A 8 anni Greta Onnis è stata colpita da un cancro e col suo racconto vuole aiutare chi affronta la battaglia. Il volume è stato presentato al “Biba Bar” di Redecesio.
“Vita via est”, la vita così com’è. Tre parole che raccontano tutto: l’inciampo, il percorso di risalita, l’accettazione, la vittoria. Una frase che Greta Onnis ha voluto scriversi addosso, con quel tatuaggio che ha sul braccio e che ora è la copertina del suo libro, “È solo un momento”. La storia della sua battaglia contro quel male apparso di colpo quando di anni ne aveva pochi, appena 8. La storia di una bimba costretta a crescere in fretta, a smarrire l’infanzia senza preavviso, a combattere con un coraggio che la sua timidezza sembrava escludere.
E adesso quell’insicurezza che fine ha fatto?
«C’è ancora, io resto Greta. Ma sicuramente il mio percorso mi ha cambiato, mi ha dato una prospettiva diversa: vedo il lato positivo delle cose, il bicchiere mezzo pieno, valutando le cose che mi accadono faccio i conti con quel periodo e questo mi consente di affrontarle senza drammi e senza paura».
Torniamo un attimo a quella frase, “vita via est”, che nel tuo disegno è la coda di un aquilone.
«Sì, lì ci sono svariati simboli, dalle impronte del mio cane Tobia al mio cappellino con le farfalle. L’aquilone per me vuol dire libertà, da quando ne ho visto uno da vicino mentre rientravamo da una gita al mare durante il periodo delle cure».
E Tobia che ruolo ha avuto?
«è stato uno sprone, un pensiero diverso, una priorità che ha sostituito quelle legate alla malattia. Mi ha scelto lui ed è stato davvero un compagno di viaggio».
«Tutti noi pensiamo di avere dei limiti, ma abbiamo una forza che li cancella. Il mio futuro? l’idea è di frequentare ostetricia»
È stato un percorso difficile, ma nel libro scrivi che sarebbe stato peggio viverlo da parente di un malato.
«Se non avessi avuto la mia famiglia accanto non so cosa sarei riuscita a fare, molte cose le ho affrontate per loro. Per questo paradossalmente credo che sarebbe stato più difficile se fosse capitato a qualcuno di loro: da esterno ti senti impotente, se il paziente sei tu invece puoi rassicurare gli altri».
L’Istituto dei Tumori ti ha lasciato tanti legami, amicizie che restano.

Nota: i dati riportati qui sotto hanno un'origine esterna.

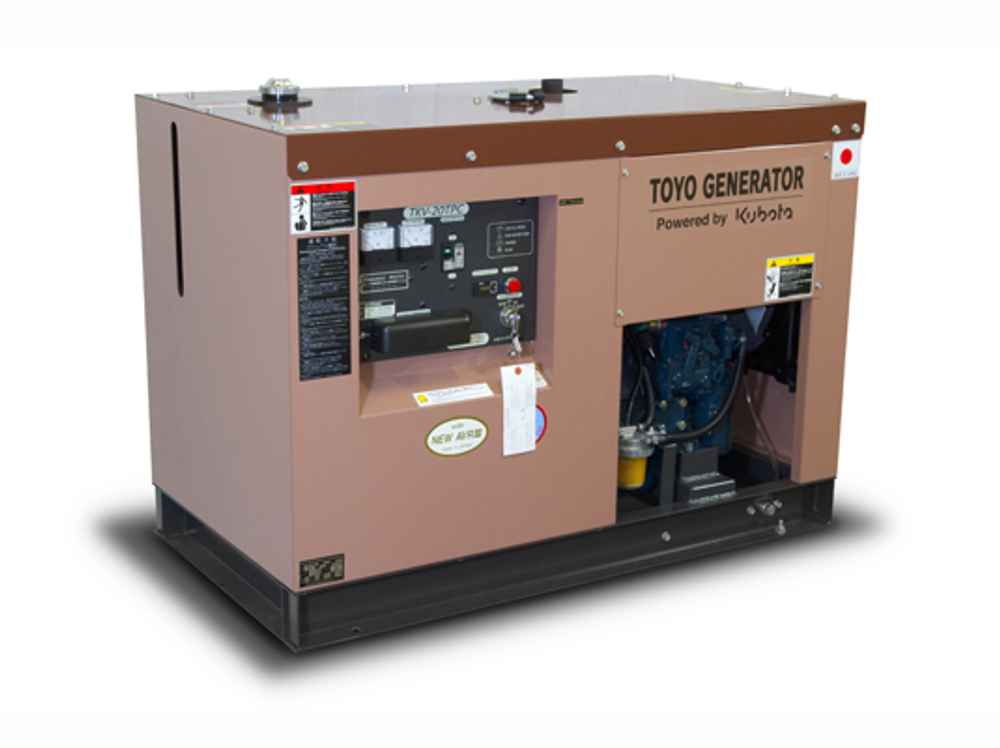 Дизельный генератор TOYO TKV 20 TPC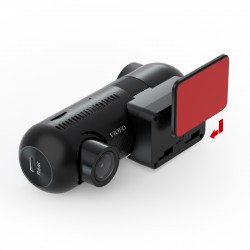 VIOFO T130 3 Lens WiFi App 2k Dashcam, 1440P + dual 1080P Vorne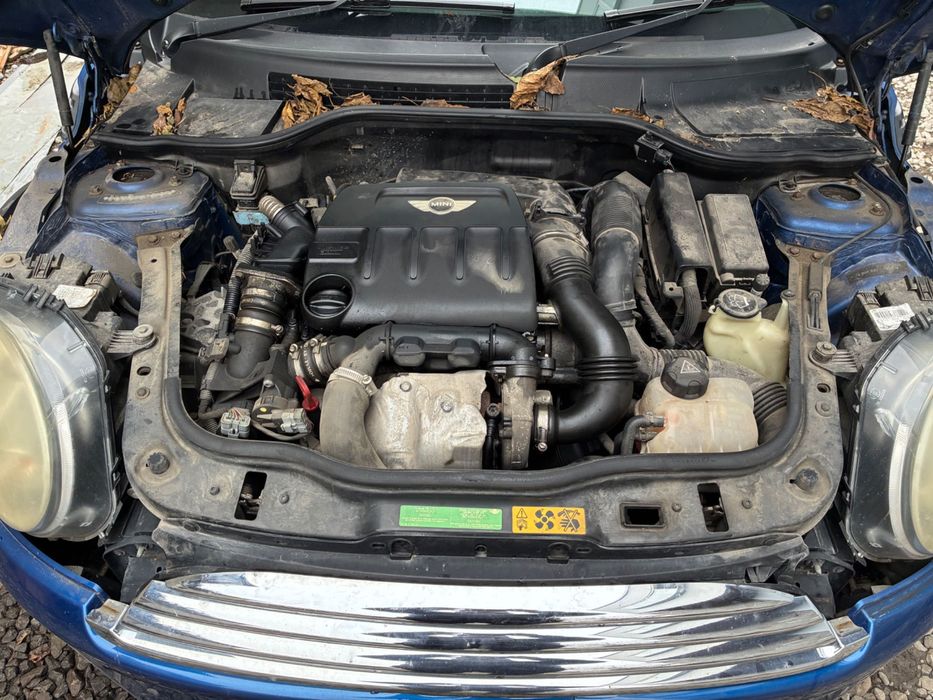 Mini Cooper 1.6D. 110kc. На части. 2008г.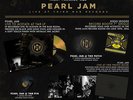 Pearl Jam Third Man Records Vault 29 package - Sealed Rock LP Set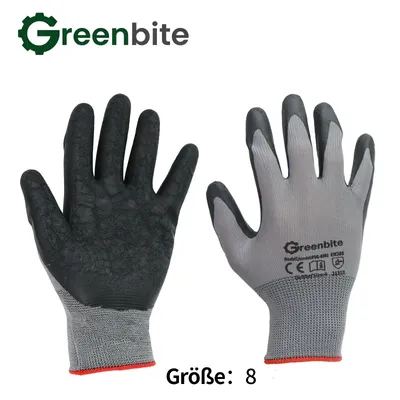 Produktbild von 12 X Gr.8 andschuhe Mechanikerhandschuhe Montagehandschuhe rutschfest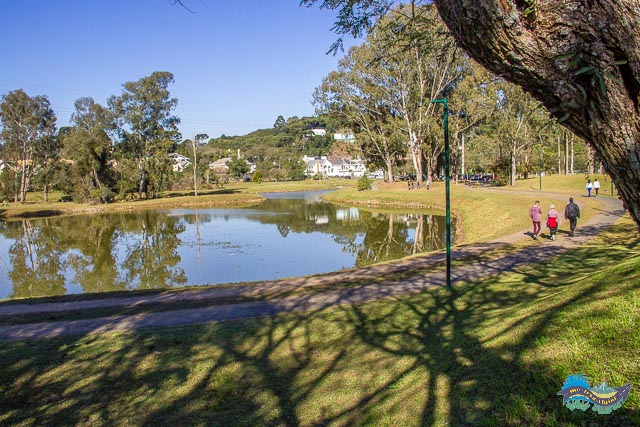 Lagos do Parque Tingui. Lagos do Parque Tingui
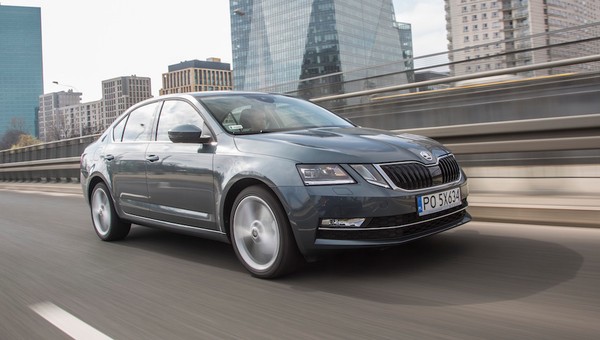 Skoda Octavia 1.4 TSI DSG - Nowy wygląd, większy komfort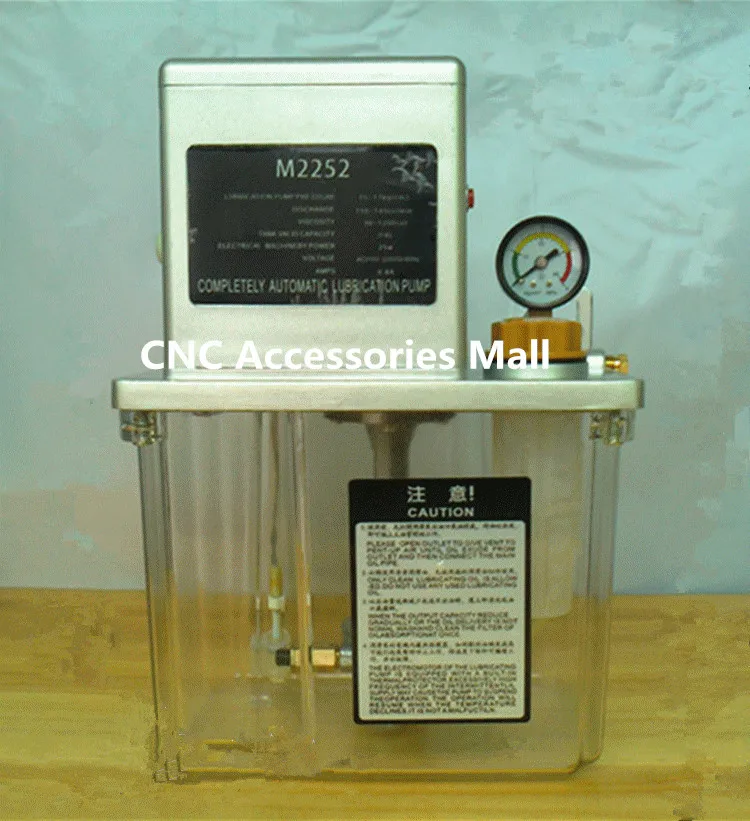 2L M2252 M2262 M2282 Automatic Lubrication Pump 220v Oil Pump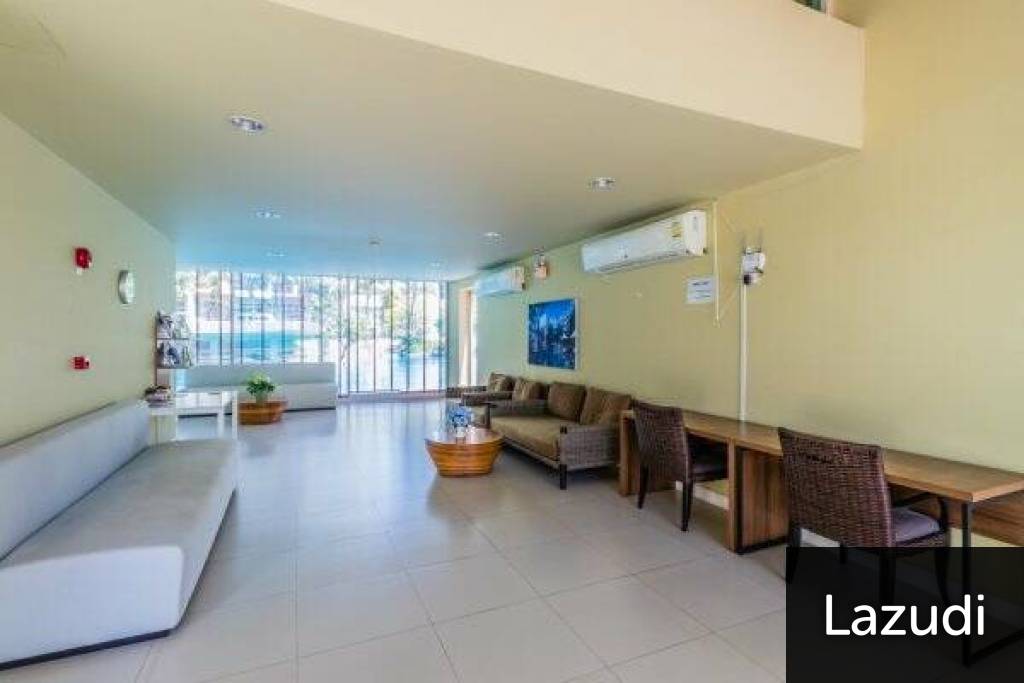 THE SEACRAZE : 2 Bed Pool View Condo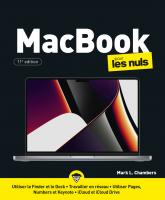 MacBook pour les Nuls, édition 2023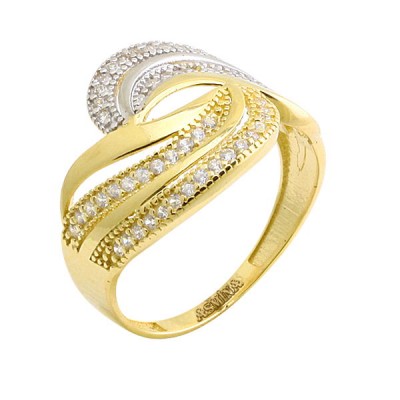 Asmina Gold Fantazi Yüzükler
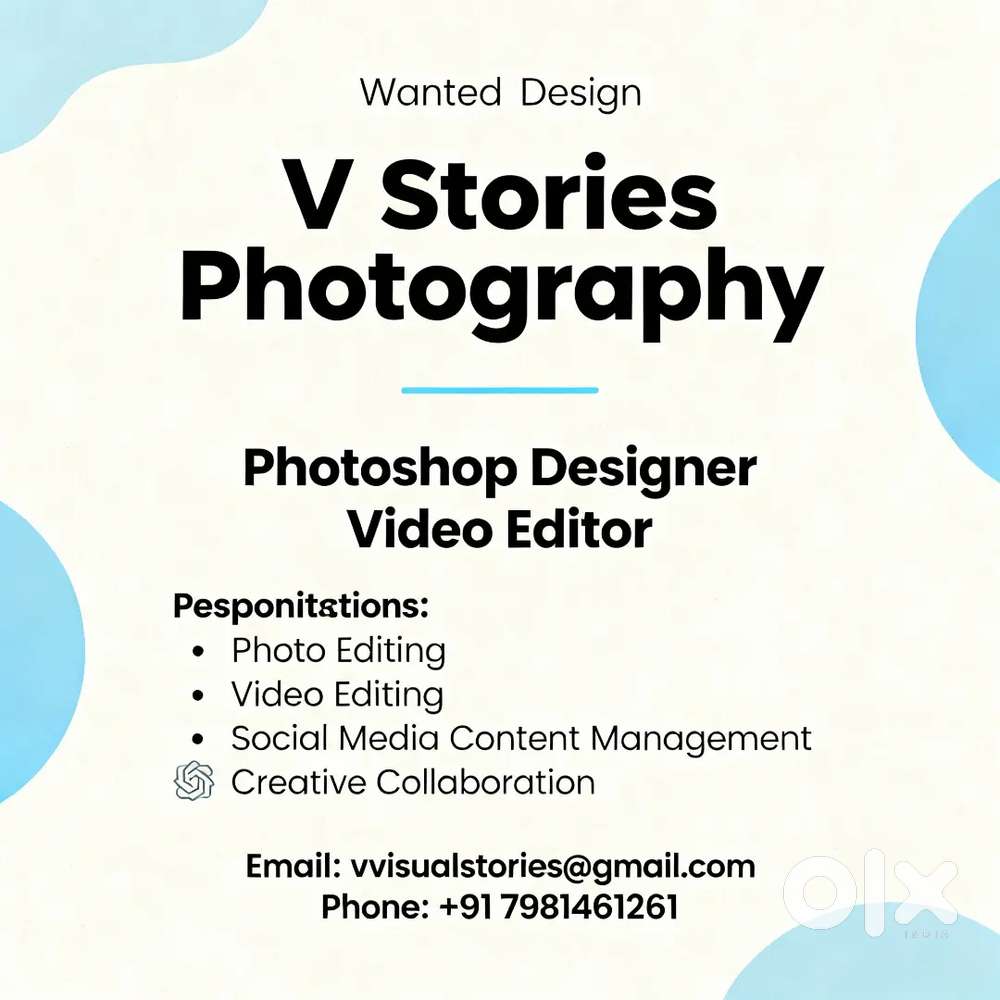 Photo Album designer and Video editor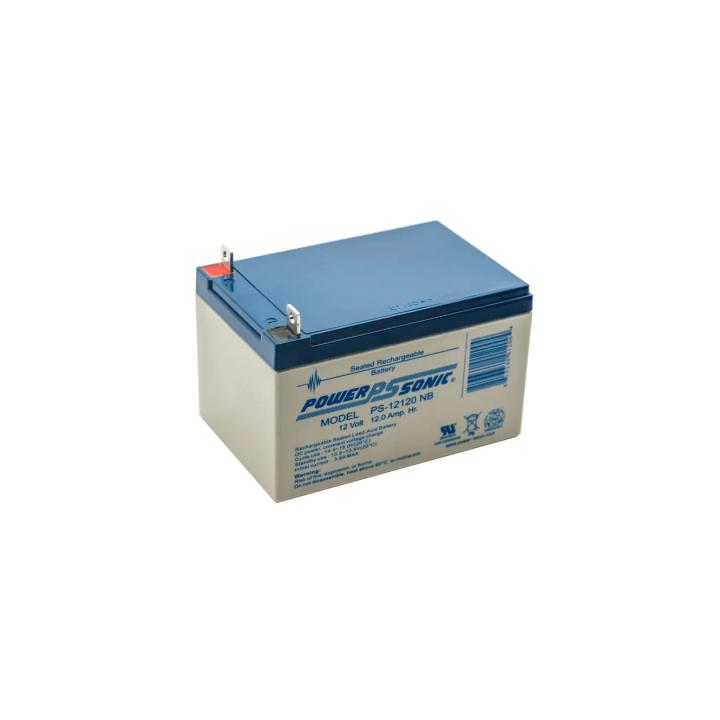 Batería 12V Recargable, 12AH, Para Respaldo, Tecnologías AGM/VRLA, 5 Años Vida Útil, Terminales tipo NB1,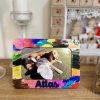 Personalized Wooden Photo Frame for Kids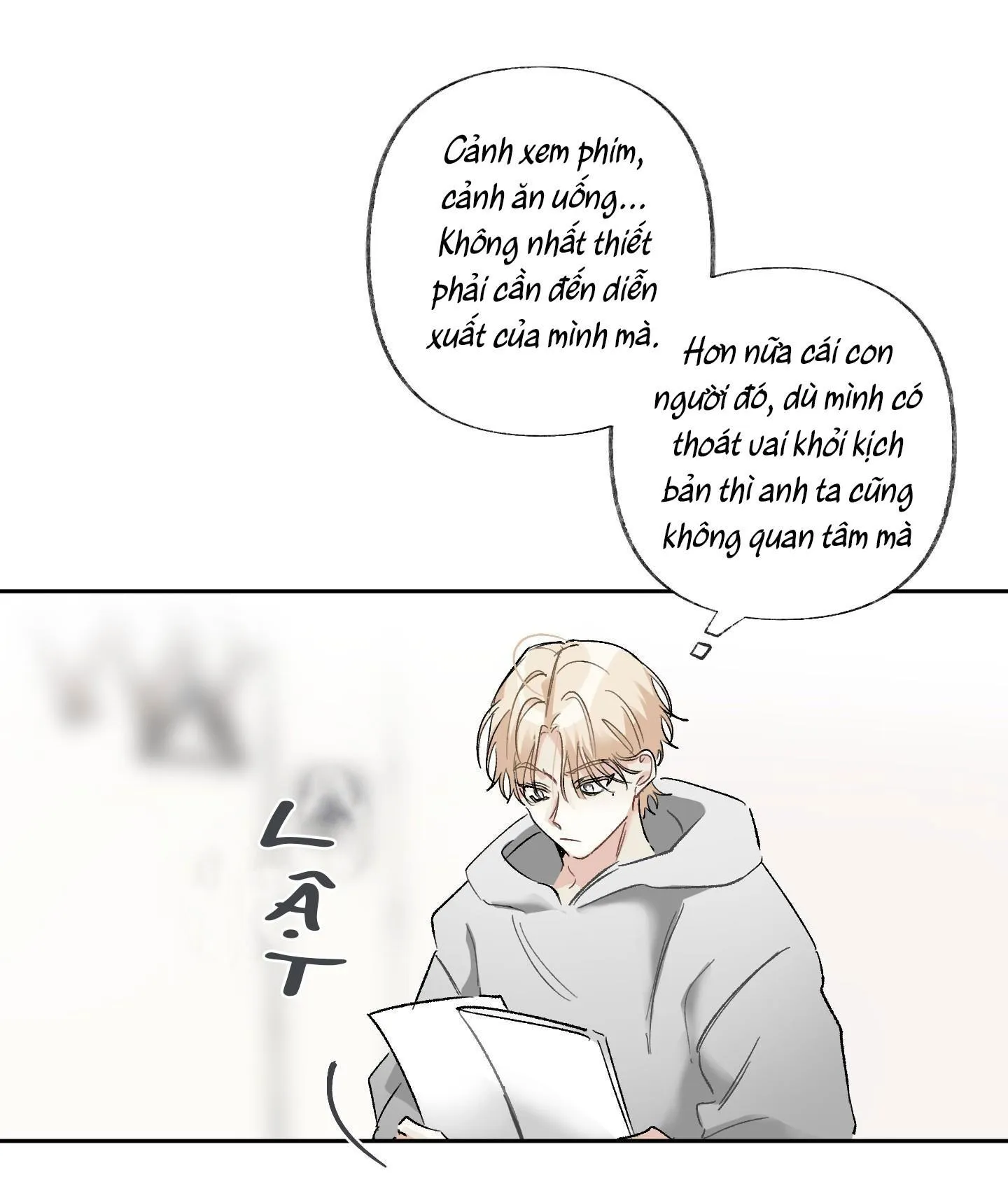 THẾ GIỚI KHI MẤT ĐI EM Chapter 17 Trang 22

«Ci sono tornata giusto ieri e quando varco quella porta mi sento a casa, non solo e non tanto perché purtroppo conosco bene quel posto ma per le persone che trovo: medici e infermiere in primis. Una di loro si è trasferita in Spagna, ma ancora ci sentiamo; un’altra è in Sicilia e questo inverno siamo andati a trovarla. E poi c’è Progetto Giovani».
Di cosa si tratta?
«È un gruppo creato dal dottor Ferrari già nel 2011, ma dedicato ai pazienti adolescenti. Io lo frequento dal dicembre del 2022, in quel contesto ci sentiamo compresi al 100%, siamo pronti a sostenerci l’un l’altro. L’obiettivo dei tanti progetti ai quali lavoriamo (uno degli ultimi è un brano musicale composto dai ragazzi, con tanto di videoclip, ndr) è quello di dare una prospettiva di futuro diversa a chi sta facendo i conti con la malattia, un futuro che non sia necessariamente focalizzato sulle terapie».
A proposito di futuro. Il tuo come lo vedi?
«Sto frequentando l’ultimo anno di Liceo delle Scienze umane, poi l’idea è quella di fare Ostetricia».
Una scelta che ha a che vedere con quello che hai vissuto?
«Forse sì. Da quando sono entrata in ospedale la medicina mi ha affascinato, ricordo che a casa avevo usato delle cannucce per costruire una flebo che utilizzavo per le bambole. Non so se fosse un modo per esorcizzare il tutto».
Cosa ti ha lasciato la tua lotta contro il tumore?
«Tutti pensiamo di avere dei limiti, ma in realtà possediamo una forza che neppure immaginiamo. Mi ha lasciato questa consapevolezza e tanta voglia di vivere, di fare quelle esperienze che durante quegli anni mi sono state precluse».
Ma si supera mai del tutto?
«È difficile capire di essere guariti, non identificarsi più con la malattia. Ma pensare che… “è solo un momento” aiuta, questo libro ha l’obiettivo di dimostrarlo».